2. Le programme national d'intégration urbaine doit insuffler un nouvel élan à la politique de la ville
Le Gouvernement prépare la loi de programme pour l'intégration urbaine qui doit assurer la traduction budgétaire et administrative du « Plan Marshall » pour les banlieues annoncées par le Président de la République au cours de la campagne électorale à l'élection présidentielle.
Le programme national d'intégration urbain (PNIU) a été préparé sur la base des conclusions du rapport demandé par M. Eric Raoult à MM. Francis Idrac, délégué interministériel à la ville et Jean-Pierre Dupont, préfet de la Seine-Saint-Denis qui a été présenté au mois d'octobre au Conseil national des villes.
Selon les informations dont on dispose actuellement, la loi de programme devrait être articulée autour de quatre grands axes :
- développer l'emploi dans les quartiers sensibles en créant des emplois d'utilité sociale faisant l'objet d'une aide spécifique de l'État de nature à améliorer les conditions de vie des habitants dans les quartiers ;
- restaurer la présence de l'État et des services publics dans les quartiers sensibles par le développement du service national ville, le redéploiement des effectifs de la fonction publique et l'amélioration de la sécurité ;
- diversifier l'habitat et restructurer les quartiers par des mesures en matière d'accès au parc des logements sociaux et de soutien aux opérations d'urbanisme et de reconstruction ;
- renforcer la participation des habitants à la vie des quartiers par le soutien aux associations locales et la création d'instance de consultation spécifique.

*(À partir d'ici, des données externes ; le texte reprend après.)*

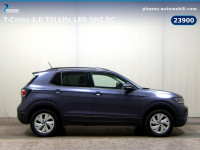 VW T-Cross 1.0 TSI Life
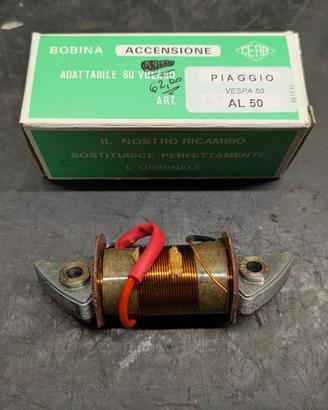 Bobina accensione Vespa 50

La loi de programme pour l'intégration urbaine, que le Parlement examinerait au printemps 1996, devra répondre aux défis lancés dans les banlieues sensibles pour redonner à la politique de la ville une nouvelle orientation.
Sous réserve de ces observations, votre commission a émis un avis favorable à l'adoption des crédits relatifs à l'intégration et à la ville dans le projet de loi de finances pour 1996.
* (2) L'allocation du RMI étant de 20 % inférieure à la métropole dans les DOM, l'Etat compense ce moindre coût par une participation financière qui s'ajoute à celle du département pour l'insertion.
* (3) Rapport n° 95-026 de février 1995 de l'Inspection générale des finances et de l'Inspection générale des affaires sociales sur les causes de la croissance du nombre d'allocataires du revenu minimum d'insertion.
* (4) La Charte « Partenaires pour la ville » signée le 27 avril 1994, avec l'Association des Maires de France (AMF), l'Union des organismes d'HLM (UNFOHLM) et les grands organismes professionnels du bâtiment et des services publics, vise à promouvoir des projets exemplaires d'intégration urbaine.